For Farrakhan, these expressions of melodramatic anti-Semitism have proven to be the best way to command an audience and remain in the public conversation. But, outside of stoking irrational fears among conservative writers, Farrakhan’s frequent fulminations have, in recent years, failed to have much of a substanial impact on public policies or civil discourse. Indeed, at this point in his career, the antagonism generated by his comments remains the one trick he has to keep him nationally relevant. 

But that doesn’t stop Farrakhan’s critics from linking his comments to other progressives. And once again, with clockwork precision, the calls rained down on progressive political leaders and activists to condemn the NOI leader for his offensive one-liners.

In this case, Tamika Mallory, a co-chair of the Women’s March, drew the media’s harshest glare. She had attended the Saviors’ Day rally and had posted an Instagram video of some of the event, which was enough to shove her under the Farrakhan-driven bus and smear the “National School Walkout” planned for Wednesday to urge congressional leaders to pass tough gun control laws.  The walkout is being organized, with assistance from the Women’s March leadership, by student activists at Parkland, Florida’s Marjory Stoneman Douglas High School, where a gunman killed 17 students last month.

Instead of focusing on the students’ pleas, some in the media would prefer to make a bigger deal of Farrakhan’s impotent speech than it merits.

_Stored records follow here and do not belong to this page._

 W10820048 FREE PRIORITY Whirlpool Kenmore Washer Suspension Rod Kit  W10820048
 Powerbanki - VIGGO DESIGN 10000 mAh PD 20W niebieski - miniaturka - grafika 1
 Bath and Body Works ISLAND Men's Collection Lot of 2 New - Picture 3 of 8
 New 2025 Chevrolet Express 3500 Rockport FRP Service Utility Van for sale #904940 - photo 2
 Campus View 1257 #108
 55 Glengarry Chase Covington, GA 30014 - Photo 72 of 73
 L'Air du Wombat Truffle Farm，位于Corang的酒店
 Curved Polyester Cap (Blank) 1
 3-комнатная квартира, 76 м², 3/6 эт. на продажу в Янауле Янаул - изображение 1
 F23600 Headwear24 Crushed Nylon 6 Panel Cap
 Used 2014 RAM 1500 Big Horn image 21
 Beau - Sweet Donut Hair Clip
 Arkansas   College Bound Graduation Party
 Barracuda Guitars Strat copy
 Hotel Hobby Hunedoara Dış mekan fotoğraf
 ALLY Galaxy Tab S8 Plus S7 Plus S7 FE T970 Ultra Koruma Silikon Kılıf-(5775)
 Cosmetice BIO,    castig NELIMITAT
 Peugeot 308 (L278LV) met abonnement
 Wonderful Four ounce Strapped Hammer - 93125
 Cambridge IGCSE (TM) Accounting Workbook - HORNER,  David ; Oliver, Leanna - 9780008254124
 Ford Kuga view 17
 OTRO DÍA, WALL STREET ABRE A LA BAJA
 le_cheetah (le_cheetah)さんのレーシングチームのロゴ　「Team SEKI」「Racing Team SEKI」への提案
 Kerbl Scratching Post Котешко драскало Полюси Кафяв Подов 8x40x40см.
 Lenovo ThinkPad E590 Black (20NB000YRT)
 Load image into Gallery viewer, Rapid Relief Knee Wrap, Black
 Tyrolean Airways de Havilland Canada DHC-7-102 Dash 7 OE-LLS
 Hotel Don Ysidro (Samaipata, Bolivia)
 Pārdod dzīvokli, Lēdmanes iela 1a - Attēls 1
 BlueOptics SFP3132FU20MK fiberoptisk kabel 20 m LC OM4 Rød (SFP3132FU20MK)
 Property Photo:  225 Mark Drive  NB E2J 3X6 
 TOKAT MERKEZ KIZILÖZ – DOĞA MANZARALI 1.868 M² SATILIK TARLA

Indeed, several days after Farrakhan’s speech went largely unnoticed and lacking any social impact, CNN’s Jake Tapper posted quotes from it on his Twitter account and indirectly mentioned Mallory’s attendance.

Of course, this led to new demands for progressives to censure Farrakhan and, more significantly, calls for Mallory to resign from the Women’s March.

Nothing good can come from the Women’s March organizers engaging in a public spat among themselves over allegations of anti-Semitism within its ranks.The Women’s March is a movement that’s not quite two years old and is composed of disparate groups with independent issues, styles and leadership.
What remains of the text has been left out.